Friday of the Eighteenth Week in Ordinary Time

Na 2:1, 3; 3:1-3, 6-7 Deut 32:35CD-36AB, 39ABCD, 41 Mt 16:24-28

“Learn then that I, I alone, am God,
and there is no god besides me.
It is I who bring both death and life,
I who inflict wounds and heal them.”

This quote found in the Book of Deuteronomy is a part of our Responsorial for today’s Mass.  The sovereignty of God, the Almighty is still a great mystery to us, even today.   God’s will is done on earth as it is in heaven, and whether we like it or not.  An 18th century Jesuit, Father Jean Pierre de Caussade pondered this mystery in his famous book, Abandonment to Divine Providence.

He concluded that whether an event is caused by the direct will of God, or it is allowed by the passive will of God, it is the Will of God.  The LORD speaks to his people through the prophet Nahum; he gives them a warning.  Life, as you know, it will exist no more.  This challenge is followed by a great comfort promising full restoration and complete salvation for a repentant nation.  We repeat again and again, “It is I who deal death and give life.”  Such a paradox is reflected in the Gospel: “For whoever loses his life for my sake will find it.”  At every Mass we consume the mystery of the LORD’s own body, blood, soul and divinity and at that moment we are consumed by the mystery of the LORD—it is no longer I who live; it is Christ who lives in me.


There is no pity for God’s enemies.  There is no one to console Nineveh.  The destruction and horror inflected upon Judah will be returned and double fold.  The scoundrel is completely destroyed—this is the good news for Israel.   This message of Nahum is good news for the New Israel, as well.  God is faithful to his covenant and we share in that covenant, the eternal covenant in the Blood of the True Lamb of God who takes away the sins of the world.  This divine bloodline is manifest in our deep assurance of God’s mercy for all who fear him.  For those who do not fear the Lord, they too will be consumed in the cleansing furnace of divine love.  God’s wrath is his extreme love for everyone, even those we consider our enemies.  We look forward to God’s will being done to those who oppress us.  Do we also look forward to the cleansing fire of that love to make them a new creation?  To make them worthy of His Love; transformed by that love?  This eternal wedding feast is something worth our own transformation so that we too will celebrate with all the angels and saints in glory.  This is good news, even for Nahum.

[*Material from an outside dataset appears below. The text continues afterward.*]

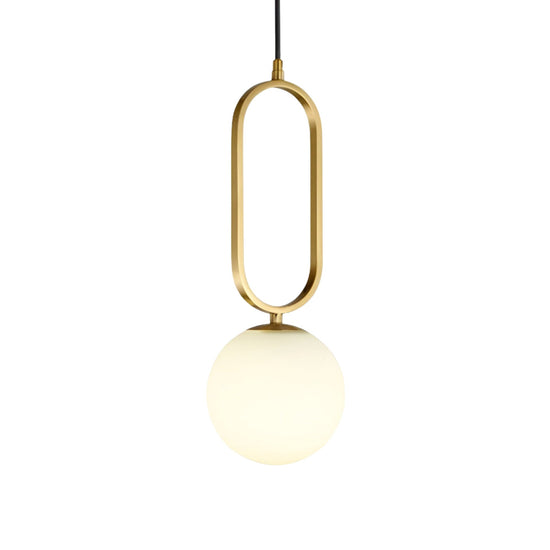 Orvyn Small Globe Alabaster Pendant Light - Soft White & Brushed Brass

How is it possible to save our lives by losing our lives?  What kind of demand is the Lord Jesus making of anyone who wants to be his disciple?  Perhaps we do not know what we are asking—perhaps we do not know what drinking from the Chalice really involves.  No long ago we used to raise a toast to congratulate the guests of honor.  At a “face to face” wedding the Best Man would offer a toast in honor of the bride and groom.  We would indicate a willingness to share in their covenant of love by raising our glasses and drinking from them.  The Lord Jesus gave his life when he drank from the chalice in the Garden of Gethsemane.  We commit ourselves to such a sacrifice when we allow the Lord Jesus to be the Master, when we live in the fear of the Lord and are not afraid of whatever his will for us demands.  Whether we embrace suffering and even death, we embrace the mystery of the cross.  In the cross of Christ we live and move and have our being.